Sir Tim Berners-Lee and the long road back to an open web
Three decades after giving the web away for free, Sir Tim Berners-Lee is on a new mission. He recently shared his vision with The New Yorker, outlining his plan to return data ownership and digital freedom to users around the world
How do you fix something that changed the world and became so large that it is now out of your control? Sir Tim Berners-Lee is now trying to find an answer to this question. The man who gave humanity the World Wide Web in 1989 now wants to save it — from itself.
In a recent profile story by The New Yorker magazine, Berners-Lee shared his concerns about what the web has become and his plans to restore it to its founding ideals. It is a rare moment when an inventor returns to overhaul his own creation, but Berners-Lee has never been one for ownership.
Three decades ago, he refused to patent his invention so that everyone could use it freely. Today, he is fighting to reclaim that same freedom for the users who have lost control of their digital lives.
In his essay for The Guardian, Berners-Lee recently wrote that when he first proposed the web at Cern, he imagined it as a platform for "sharing, not exploitation." His vision was to build a universal space where anyone could publish, read, and collaborate without barriers.
That decision changed everything. It meant that anyone, anywhere, could build websites and applications without paying fees or seeking licences. The internet flourished and connected billions.
Yet the openness that once made it thrive also made it vulnerable. Over time, a handful of powerful platforms captured the web's traffic, data, and profits. "We see a handful of large platforms harvesting users' private data," Berners-Lee wrote, warning that people had gone from being users to becoming "the product."
A new foundation
The New Yorker article reveals that Berners-Lee's plan to rebuild the web rests on a project called the social linked data, or the "Solid" protocol. It is his attempt to give people control of their personal data – something he believes was lost during the rise of the platform economy. Solid separates users' data from the applications they use.
Instead of being stored in corporate silos, data lives in personal online data stores, or "Pods." Each person owns their Pod, deciding who can access it and how it is used.
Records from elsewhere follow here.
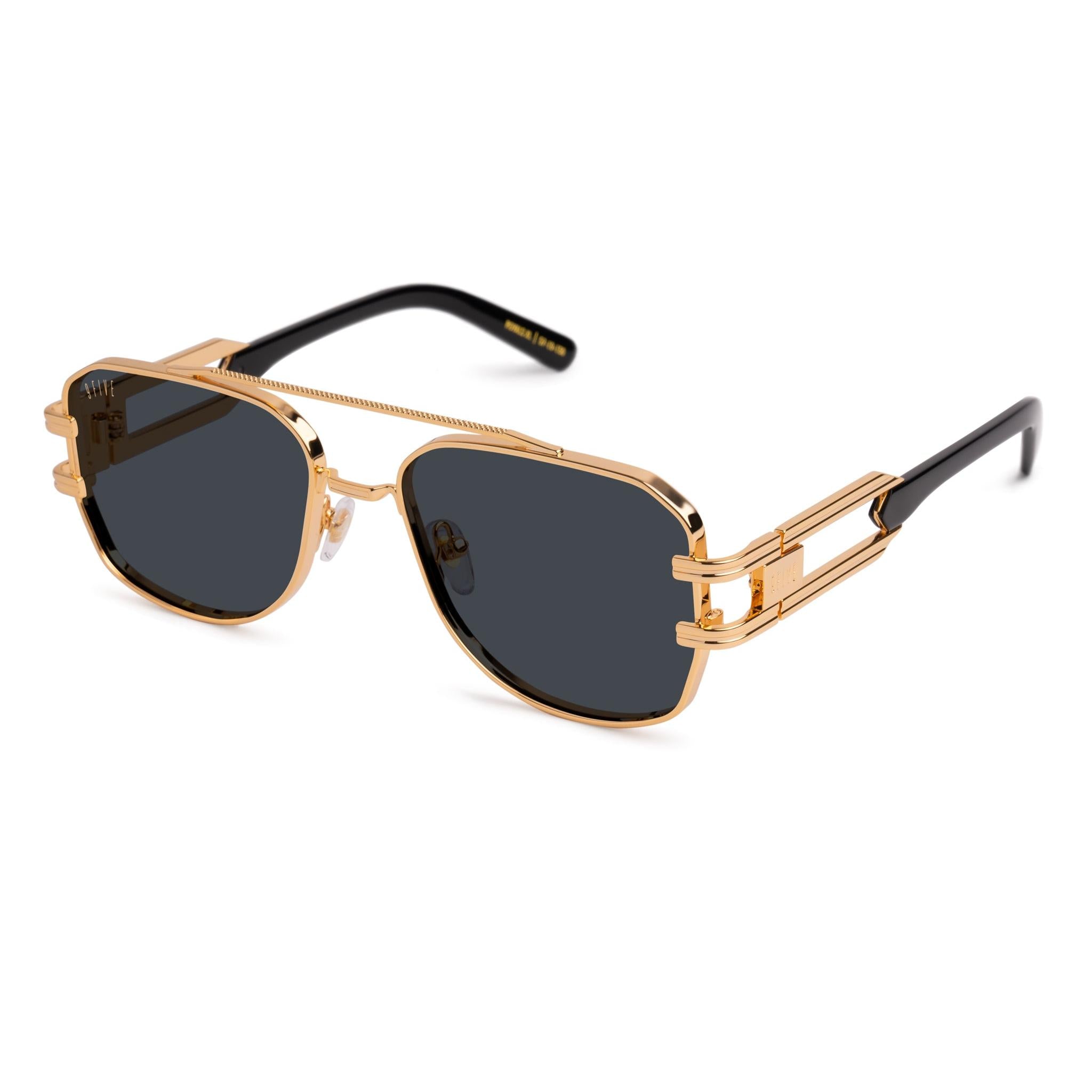 9five royal aviator oversized sunglasses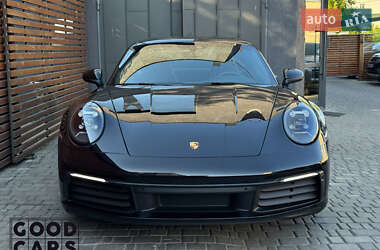 Купе Porsche 911 2023 в 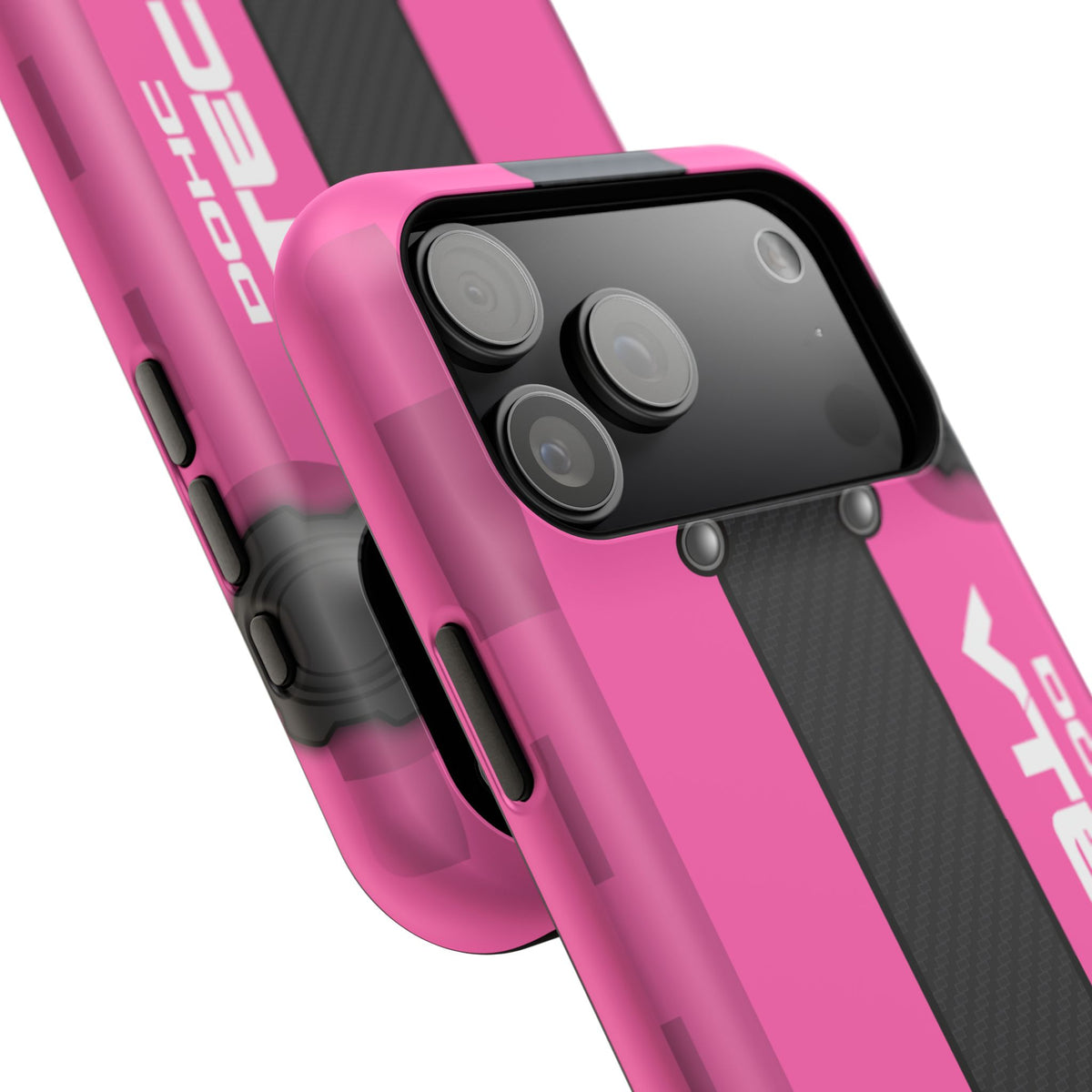 Pink B Series Engine Phone Case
"We can build a new world in which we get the functionality of things like Facebook and Instagram," Berners-Lee told The New Yorker. "And we don't need to ask for permission." To accelerate adoption, he co-founded a company called Inrupt in 2017. The firm develops tools and servers to make Solid practical for large organisations. Governments and institutions, including the National Health Service in the United Kingdom and the regional government of Flanders in Belgium, have tested Solid-based systems to give citizens more control over their digital identities and health records.
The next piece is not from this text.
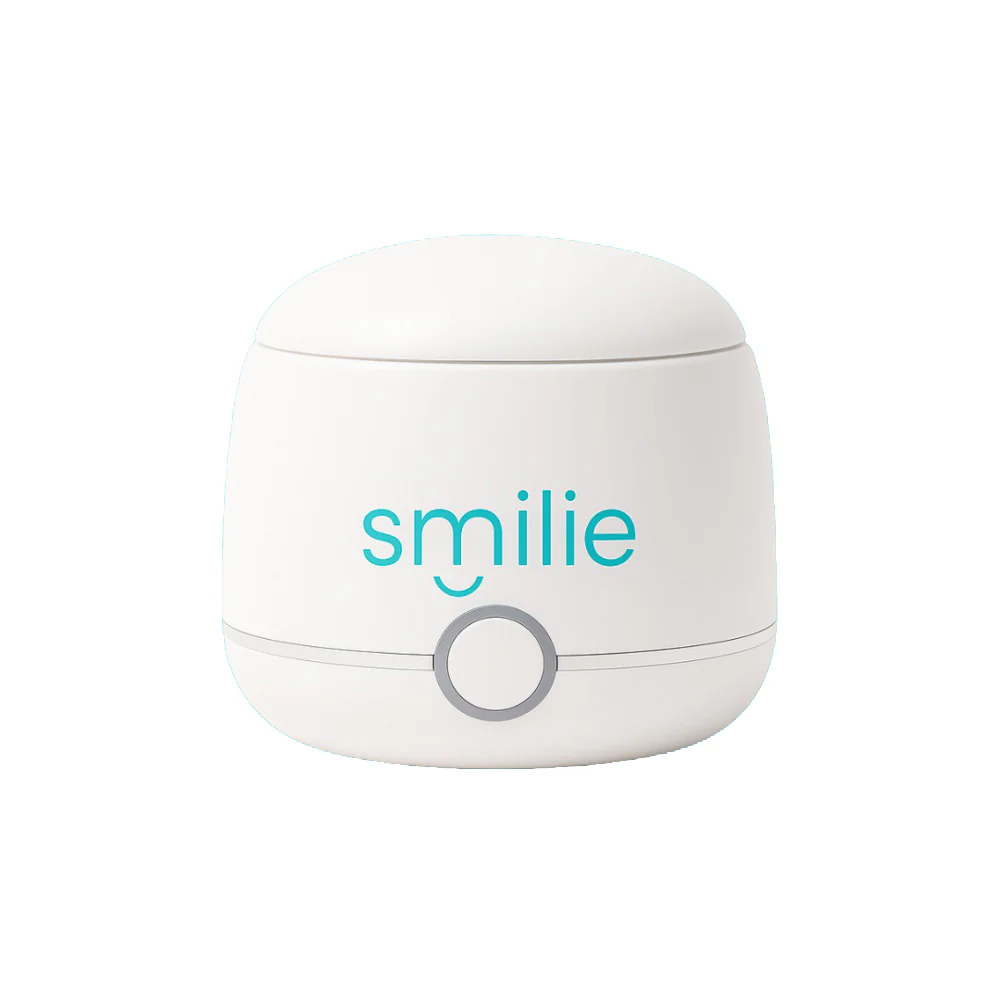 Smilie Ultrasonic Dental Cleaner For Retainers, Aligners and Mouthguards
It is, in many ways, a continuation of his lifelong commitment to openness. Where others might have tried to monetise privacy, Berners-Lee is building infrastructure that returns it. Yet he is aware of the scale of the challenge. Platforms like Google, Meta, and Amazon dominate not only through technology but through habit. People are accustomed to convenience, even at the cost of autonomy. As one BBC executive told The New Yorker, "People say they want to be more in control of their data. But do they then want to be more hands-on? Not really."
An AI that works for you
Berners-Lee is also looking ahead to artificial intelligence. He believes the mistakes of the social media age must not be repeated in the AI era. In The Guardian, he proposed a thought experiment from 2017 called Charlie, an AI assistant designed to serve the user rather than exploit their data. "Charlie works for you like your doctor or your lawyer," he wrote. "Why can't the same frameworks be adopted for AI?"
At Inrupt, Berners-Lee's team has developed a prototype that uses Solid Pods to inform AI models securely. Instead of sending personal information to corporations, Charlie uses data stored in the user's own Pod to deliver personalised responses while keeping that data private. It is an elegant inversion of the current model, where the AI serves you, not the company.
Yet, as The New Yorker notes, the timing may be tight. Big tech firms have already moved towards AI-driven ecosystems. Google and OpenAI are integrating generative systems into search and commerce. Visa, one of the companies Inrupt has spoken to, believes "agentic" AIs will soon make financial decisions for consumers. The question Berners-Lee keeps asking is – who will those agents work for?
Returning to the original promise
Berners-Lee has spent decades watching the open system he created become fragmented and manipulated. The algorithms that promised connection have instead deepened isolation. The platforms that promised community now mediate public life for profit. He sees it as a design problem. "There's still time," he writes in his forthcoming memoir This Is for Everyone, "to build machines that serve the human, that promote the dignity of our fragile species on this isolated globe."
That line echoes the message he typed across the 2012 London Olympics stadium: "This is for everyone." It was a principle that he believed in – the web must belong to all, not to a few.
At seventy, Berners-Lee is still writing code, still tinkering, still dreaming of a better version of his creation. He told The New Yorker that he often thinks of the early days at Cern, when collaboration was the only way forward. The task now is not so different; it is about finding that collective will again.